Homojenlik koşulu olarak da adlandırılan bu özellik nedeniyle, tüketiciler aynı olduklarına inandıkları ürünün, çok sayıdaki satıcıları arasında tercih yapabilir.
• Piyasadaki taraflar fiyat, kalite vb. konular hakkında tam bilgiye sahip olmalıdır. Açıklık ya da tam bilgi koşulu olarak da adlandırılan bu özellik çerçevesinde, tüketiciler seçeneklerin tümüne ait bilgiye sahiptir.

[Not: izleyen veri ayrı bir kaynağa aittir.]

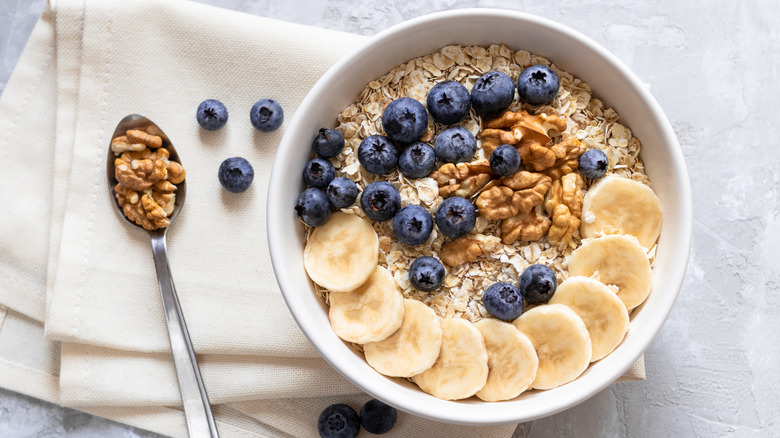 oatmeal with blueberries and banana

• Firmalar piyasaya çok kolay girebilmeli ve çıkabilmelidir. Örneğin; kaynaklar, kaynak akışkanlılığını engelleyen kamusal düzenlemeler olmaksızın piyasanın içine veya dışına hareket edebilir. Bu durum mobilite koşulu olarak da isimlendirilmektedir.
Tam rekabet gerçek yasamda nadiren görülmesine rağmen, bu piyasa modeli bazı endüstrilerle ilişkilendirilebilir.
Özellikle de tarımsal ve hayvansal ürün, döviz, metal ve hisse senedi gibi piyasaların nasıl çalıştığı konusunda bizlere çokça bilgi sağlar. Hatta tam rekabet modeli fiyat ve çıktının nasıl belirlendiğinin tartışıldığı herhangi bir konuda da açıklamalarımız için güçlü bir başlangıç noktası oluşturur.
Ayrıca tam rekabetçi ekonominin işleyiş mekanizması dünya ekonomisinin etkinliğinin değerlendirilmesinde de araştırmacılar için bir norm sağlamaktadır.
Tam Rekabetçi Firmanın Karşılaştığı Talep
Tam rekabet piyasanın kısa ve uzun dönem davranışlarını incelemek için, öncelikli olarak tam rekabetçi firmaların karşı karşıya kaldıkları talep ve bu talebin firmanın hâsılatını nasıl etkilediğini açıklamak gerekir.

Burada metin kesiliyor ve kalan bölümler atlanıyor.